Halimah           :  “Oh, si Ana kawan kita di SMA itu?”
Yulia               :  “Bukan, tapi Ana kawan kita waktu kuliah dulu.”
Halimah           :  “Ana yang berambut panjang itu?”
Yulia               :  “Bukan Ana yang berambut panjang, tapi Ana yang berjilbab itu loh?”
Halimah           :  “Oh, ya, saya tahu.”

Pada ujaran pertama Halimah salah tangkap. Yang tergambar dibenaknya adalah si Ana teman SMA. Setelah diterangkan oleh Yulia bahwa Ana teman waktu kuliah, Halimah salah tangkap lagi, karea yang diduga adalah Ana yang berambut panjang. Sesudah kalimat ke tiga dari Yulia, barulah Halimah paham siapa si Ana sebenarnya.

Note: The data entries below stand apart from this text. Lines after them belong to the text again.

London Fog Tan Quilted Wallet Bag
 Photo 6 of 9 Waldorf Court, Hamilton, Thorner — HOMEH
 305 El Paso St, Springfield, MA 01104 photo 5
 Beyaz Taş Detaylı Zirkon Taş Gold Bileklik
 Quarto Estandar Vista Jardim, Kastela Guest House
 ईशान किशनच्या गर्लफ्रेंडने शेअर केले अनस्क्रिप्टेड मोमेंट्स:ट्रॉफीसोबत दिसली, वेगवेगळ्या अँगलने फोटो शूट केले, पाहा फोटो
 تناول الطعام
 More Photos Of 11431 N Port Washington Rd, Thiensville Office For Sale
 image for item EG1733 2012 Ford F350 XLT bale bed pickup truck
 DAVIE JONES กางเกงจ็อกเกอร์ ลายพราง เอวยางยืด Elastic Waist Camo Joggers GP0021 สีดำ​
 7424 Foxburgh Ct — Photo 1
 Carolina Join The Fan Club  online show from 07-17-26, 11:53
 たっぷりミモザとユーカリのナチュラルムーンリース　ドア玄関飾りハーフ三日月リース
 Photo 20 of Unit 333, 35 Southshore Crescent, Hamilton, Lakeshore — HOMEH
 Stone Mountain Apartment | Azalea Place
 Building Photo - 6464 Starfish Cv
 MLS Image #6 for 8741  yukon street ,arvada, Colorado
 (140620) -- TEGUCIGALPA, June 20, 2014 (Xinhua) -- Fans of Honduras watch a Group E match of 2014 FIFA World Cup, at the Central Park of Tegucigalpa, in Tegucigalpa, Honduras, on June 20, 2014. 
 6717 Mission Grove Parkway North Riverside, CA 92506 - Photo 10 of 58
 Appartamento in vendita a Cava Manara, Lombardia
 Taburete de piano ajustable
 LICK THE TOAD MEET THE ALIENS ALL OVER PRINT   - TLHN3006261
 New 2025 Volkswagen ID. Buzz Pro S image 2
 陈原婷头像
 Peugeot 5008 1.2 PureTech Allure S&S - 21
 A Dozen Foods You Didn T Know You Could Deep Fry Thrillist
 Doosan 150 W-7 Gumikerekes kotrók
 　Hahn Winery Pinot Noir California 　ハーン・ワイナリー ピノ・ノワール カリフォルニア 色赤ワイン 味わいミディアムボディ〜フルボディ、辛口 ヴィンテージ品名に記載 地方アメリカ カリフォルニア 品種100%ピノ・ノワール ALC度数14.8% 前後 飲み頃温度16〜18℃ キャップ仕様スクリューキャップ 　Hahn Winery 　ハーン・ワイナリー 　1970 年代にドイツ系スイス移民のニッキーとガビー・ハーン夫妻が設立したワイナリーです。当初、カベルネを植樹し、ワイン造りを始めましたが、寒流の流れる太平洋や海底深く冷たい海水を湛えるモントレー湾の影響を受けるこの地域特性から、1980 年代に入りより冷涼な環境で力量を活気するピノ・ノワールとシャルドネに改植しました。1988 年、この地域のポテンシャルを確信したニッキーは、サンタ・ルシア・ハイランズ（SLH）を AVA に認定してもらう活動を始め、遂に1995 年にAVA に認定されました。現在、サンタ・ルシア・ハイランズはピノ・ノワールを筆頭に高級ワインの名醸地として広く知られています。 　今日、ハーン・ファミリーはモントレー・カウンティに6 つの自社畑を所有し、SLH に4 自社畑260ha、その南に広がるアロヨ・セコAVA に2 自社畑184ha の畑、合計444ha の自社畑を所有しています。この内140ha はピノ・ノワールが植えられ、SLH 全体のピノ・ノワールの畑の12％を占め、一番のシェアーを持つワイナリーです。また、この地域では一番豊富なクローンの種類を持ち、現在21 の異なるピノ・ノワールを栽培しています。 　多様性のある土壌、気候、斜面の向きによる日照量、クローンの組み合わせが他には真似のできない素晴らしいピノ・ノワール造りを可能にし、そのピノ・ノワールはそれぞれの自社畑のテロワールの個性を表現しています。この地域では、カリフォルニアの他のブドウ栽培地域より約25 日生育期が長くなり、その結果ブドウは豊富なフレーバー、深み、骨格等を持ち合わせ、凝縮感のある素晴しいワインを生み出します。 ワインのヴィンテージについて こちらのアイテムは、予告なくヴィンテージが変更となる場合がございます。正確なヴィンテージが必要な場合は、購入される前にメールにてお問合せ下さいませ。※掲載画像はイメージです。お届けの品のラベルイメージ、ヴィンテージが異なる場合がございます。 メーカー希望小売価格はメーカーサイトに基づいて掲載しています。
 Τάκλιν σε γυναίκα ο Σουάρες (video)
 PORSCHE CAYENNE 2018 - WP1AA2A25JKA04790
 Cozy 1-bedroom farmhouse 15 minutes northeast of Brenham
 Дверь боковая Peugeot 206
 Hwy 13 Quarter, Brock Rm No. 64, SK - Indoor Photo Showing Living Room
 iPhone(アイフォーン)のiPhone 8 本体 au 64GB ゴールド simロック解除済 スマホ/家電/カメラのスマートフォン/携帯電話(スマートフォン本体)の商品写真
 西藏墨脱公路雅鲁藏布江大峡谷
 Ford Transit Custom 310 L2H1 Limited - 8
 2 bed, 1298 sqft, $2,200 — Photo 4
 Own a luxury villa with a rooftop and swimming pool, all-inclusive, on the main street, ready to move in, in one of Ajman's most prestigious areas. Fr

Walaupun tanggapan tentang si Ana sudah jelas, akan tetapi apa yang dipikirkan oleh Yulia tidaklah dapat ditanggapi seluruhnya oleh Halimah karena masih banyak hal yang masih  tersembunyi, misalnya kapan Yulia bertemunya, di mana betemunya, berapa jam, dapat dikatakan bahwa yang ditanggapi pendengar dari ucapan penutur itu hanya beberapa bagian saja dan tidak seluruhnya.



D. Dieksis
(1) Saya akan meletakkan ini di sini
      (Tentu saja, Anda paham bahwa jim berkata kepada Anne bahwa ia akan meletakkan kunci duplikat rumah di dalam salah satu laci di dapur).
      Jelas sekali bahwa diekasis mengacu pada bentuk yang terikat dengan konteks penutur, yang dibedakan secara mendasar anatara ungkapan – ungkapan dieksis “dekat penutur” dan “jauh dari penutur”. Dalam bahasa inggris “dekat penutur” atau istilah – istilah proksimal adalah “ini”, “di sini”, “sekarang”, sedangkan “jauh dari penutur” atau istilah distal adalah “itu”, “di sana”, “pada saat itu”. Istilah – istilah proksimal biasanya ditafsirkan sebagai istilah tempat pembicara atau pusat deiksis, sehingga “sekarang” umumnya dipakai sebagai acuan terhadap titik atau keadaan pada saat tuturan penutur terjadi di tempatnya. Sementara itu istilah distal menunjukkan “jauh dari penutur” tetapi dalam bebrapa bahasa dapat digunakan untuk membedakan antara “dekat lawan tutur” dan “jauh dari penutur maupun lawan tutur”.